Seize the data

The information deluge and the promise of open enterprise offer UK universities an opportunity not to be missed, says Geoffrey Boulton

June 21, 2012

Science is at a crossroads. Although open enquiry remains at its heart - based on the publication of scientific theories together with the experimental and observational data on which they are based - the "data deluge" has challenged that process, and computing and communications technologies are changing the game in other ways.
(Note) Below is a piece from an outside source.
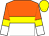 orange and white halved horizontally, yellow hoop, orange and white halved sleeves, yellow armbands, yellow cap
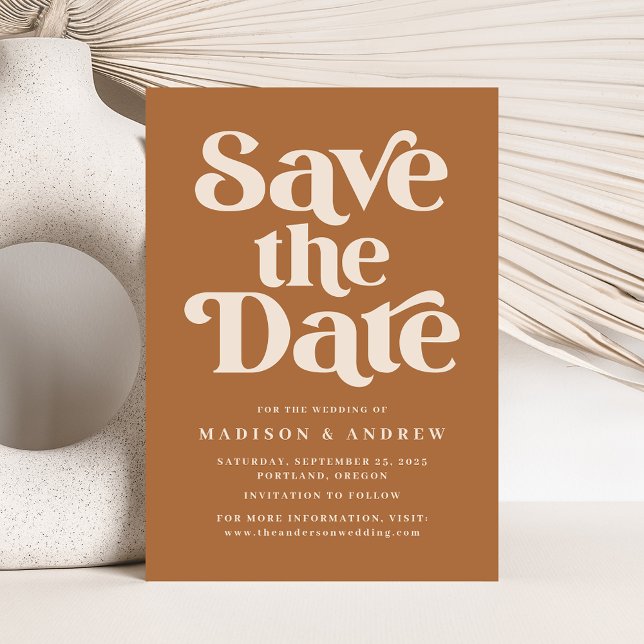 Modern Typography Terracotta Save The Date (Creator Uploaded)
The vast data volumes that we now create, store and manipulate can no longer be accommodated by the published articles based upon them, and this breaks the link between concept and information. Yet many citizens are no longer content to accept the pronouncements of scientists in areas that affect their lives without first scrutinising the evidence: after all, they are often the ones who have paid for it. Meanwhile, data-led approaches are becoming integral to science as powerful means of identifying previously unanticipated relationships and are creating new tools of discovery. So, although open-access publishing has captured the headlines in recent months, open data is a much deeper issue.

It is for these reasons that the Royal Society chose to conduct a year-long study into how science can adapt to these imperatives, resulting in the publication of its report, Science as an Open Enterprise, this week. At its heart are 10 recommendations designed to facilitate new ways of working. They address scientists, learned societies, funders of research, journal publishers, business, the government and regulators, all of whom have a part to play.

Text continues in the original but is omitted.